L’ATLANTIDE

Loin de la multitude où fleurit le mensonge,

Puisque l’âme s’épure et s’exalte en rêvant,

Au gré du souvenir vogue, ô mon Âme, et songe :

Songe à la cendre humaine éparse dans le vent ;

Songe aux crânes heurtés par le soc des charrues ;

Aux débris du passé dans l’inconnu flottant :

Car des mondes sont morts, des cités disparues,

Où la vie eut son heure et l’amour son instant !

*

* *

Aux siècles primitifs, une île, immense et belle,

Nourrice jeune encor d’un peuple de géants,

Livrait à ses fils nus sa féconde mamelle,

Et sa hanche robuste au choc des océans.
Cette terre avait nom l’Atlantide. – Des villes

Y florissaient alors, superbes, par milliers,

Avec leurs parthénons et leurs jardins fertiles,

Et leurs palais de marbre aux antiques piliers.
Aqueducs ! Monuments massifs, aux colonnades

De jaspe, défendus par de grands léopards !

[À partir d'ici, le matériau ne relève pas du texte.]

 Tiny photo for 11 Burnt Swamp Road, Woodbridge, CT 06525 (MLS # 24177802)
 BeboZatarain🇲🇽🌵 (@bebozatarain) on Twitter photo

Coupoles de granit ! Innombrables arcades
Brodant de leur dentelle éparse les remparts ! –
L’on eût dit des forêts de pierre. – Les bois vierges

Reflétaient leur verdure aux lacs bleus sans roseaux,
Et l’âme des jasmins et des lis, sur les berges,

Se mariait, légère, à des chansons d’oiseaux !
Un cantique montait d’espérance et de joie

Vers Jupiter très bon, très auguste et très grand :

L’homme tendait les mains à l’azur qui flamboie,

Et le fleuve apaisé priait – en murmurant…

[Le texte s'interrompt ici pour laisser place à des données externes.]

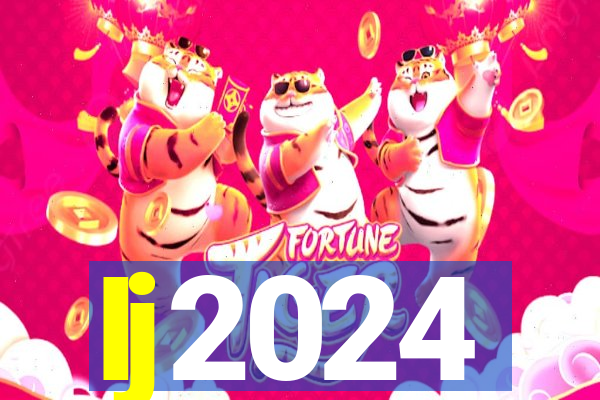 Ij2024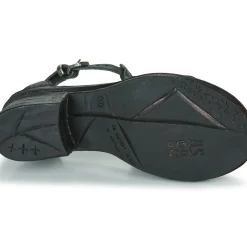 Airstep / A.S.98 - KENYA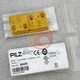 1 SET PILZ 504220 PSEN 1.1p-20 / PSEN 1.1-20 (524120+514120) Safety Switch New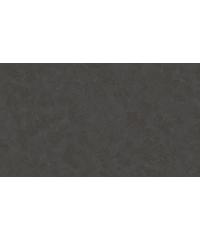 MAKOWER Patchwork blago Charcoal | 110cm 2800/S89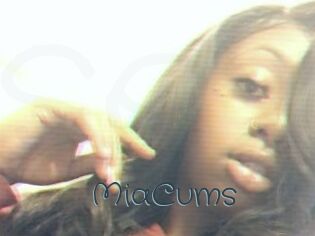 MiaCums Sexcam Livesex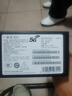 華為 智選 Hi暢享 80S 新品全網(wǎng)通5G手機 鴻蒙安全守護 22.5W快充5000mAh追劇長(cháng)續航 曜石黑 6GB+128GB 【官方標配】 曬單實(shí)拍圖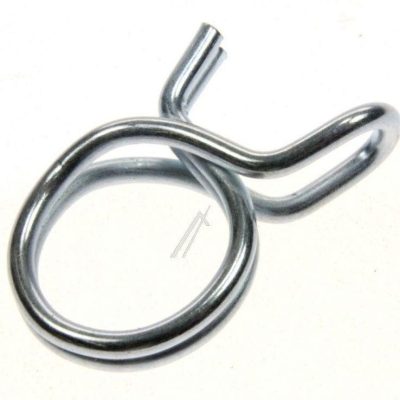 fascetta per asciugatrice ariston 482000023022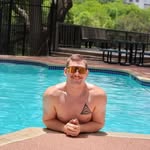 Ryan Ward - @ryangward - Instagram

Mais ce monde, marqué du sceau de la colère,

Devait s’anéantir, sans que rien en restât

Que des îlots perdus sur l’onde tumulaire,

– Seuls vestiges épars où notre œil s’arrêtât !

On entendit rugir les forges souterraines,

Tout le sol s’effondra, secoué brusquement…

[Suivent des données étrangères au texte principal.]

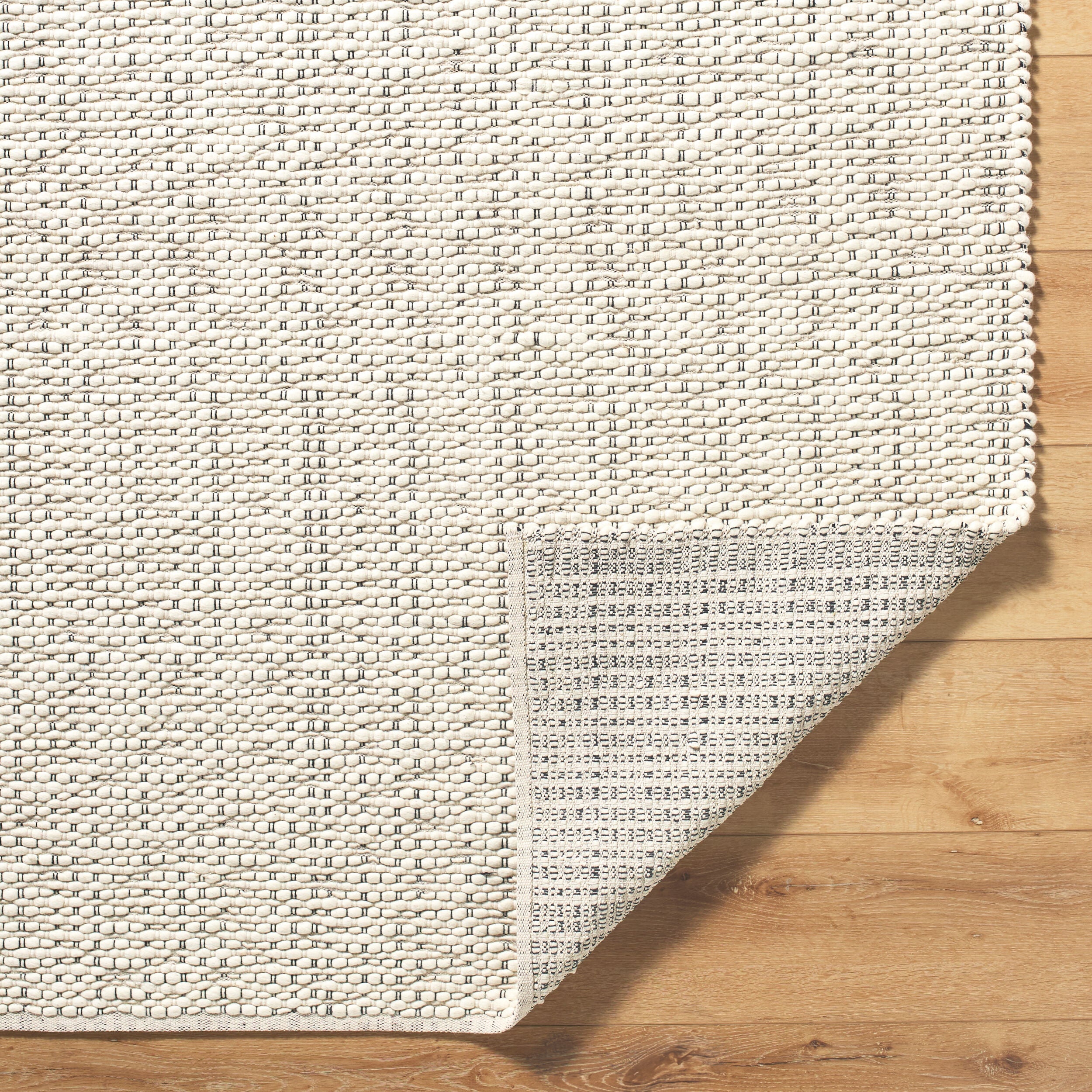 Brea Rug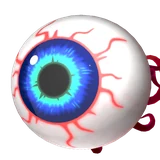 Eye of Cthulhu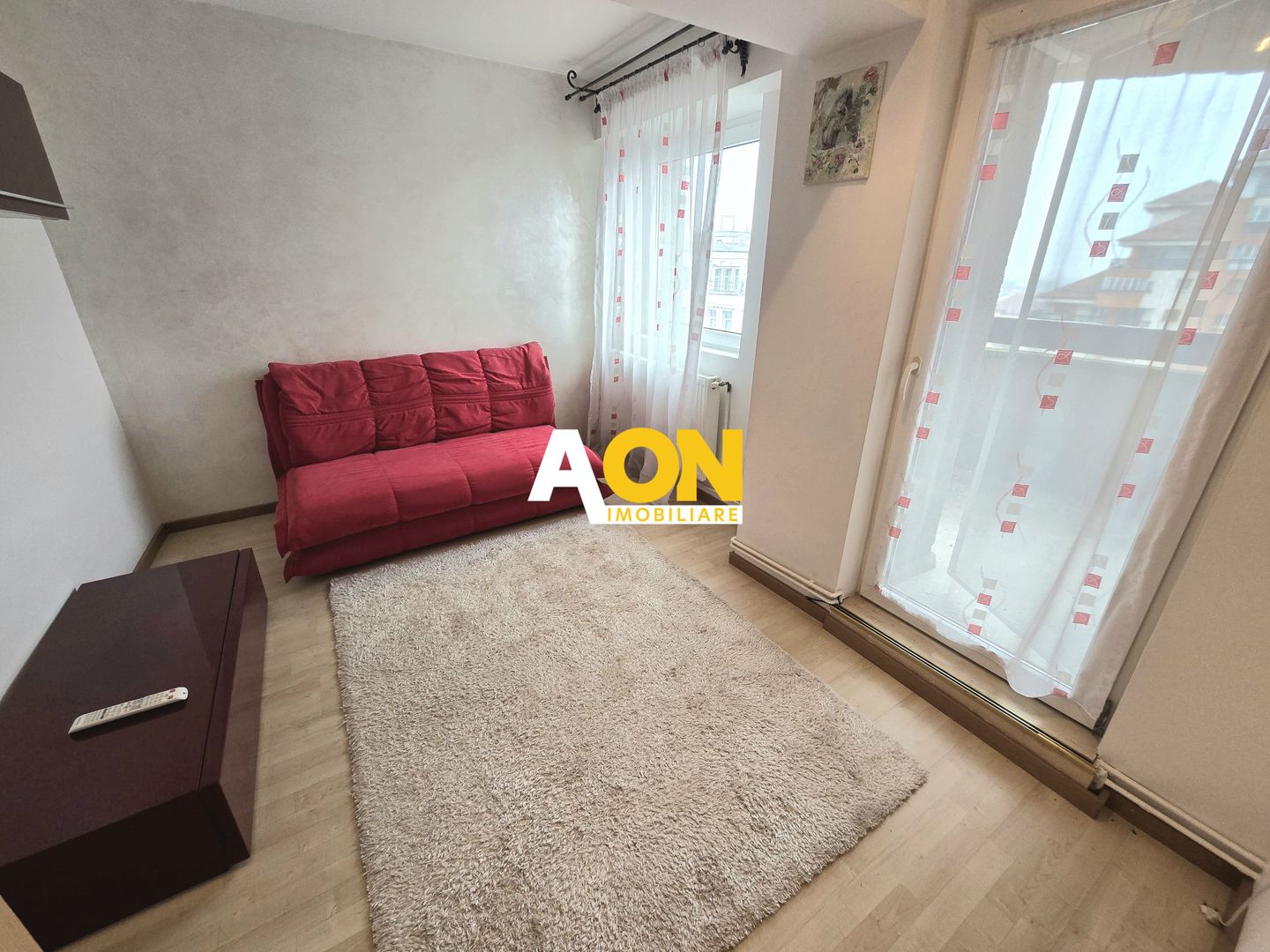Apartament cu 4 Camere | Scara Interioara | Ultracentral | Terasa - Poză 7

Et la mer fit rouler ses vagues souveraines

Sur la plaintive horreur de cet écroulement.

*

* *

Cependant, par delà ces monstrueux décombres

Que, sous mille pieds d’eau, tu vois se dessiner,

Ô mon Âme, entends-tu ?… Du fond des lointains sombres,

De prophétiques voix semblaient vaticiner :

*

* *

– « Ainsi les continents, les villes séculaires,

« Les grands monts hérissés de sapins et d’orgueil,

« L’homme et ses passions, le monde et ses colères

« – Cadavres disloqués et mûrs pour le cercueil,
« Gigantesques amas sans nom, épaves mornes –

« S’engloutiront un jour (tout étant accompli)

« Sous les flots ténébreux d’une autre mer sans bornes

« Et plus profonde encor – qui s’appelle l’Oubli !
« Alors, exécutant la suprême sentence,

« L’ombre, comme un déluge, envahira les cieux ;
« Et tout bruit s’éteindra, comme toute existence,

« Dans le néant obscur, vaste et silencieux. »
(Rosa Mystica.)

Stanislas DE GUAITA.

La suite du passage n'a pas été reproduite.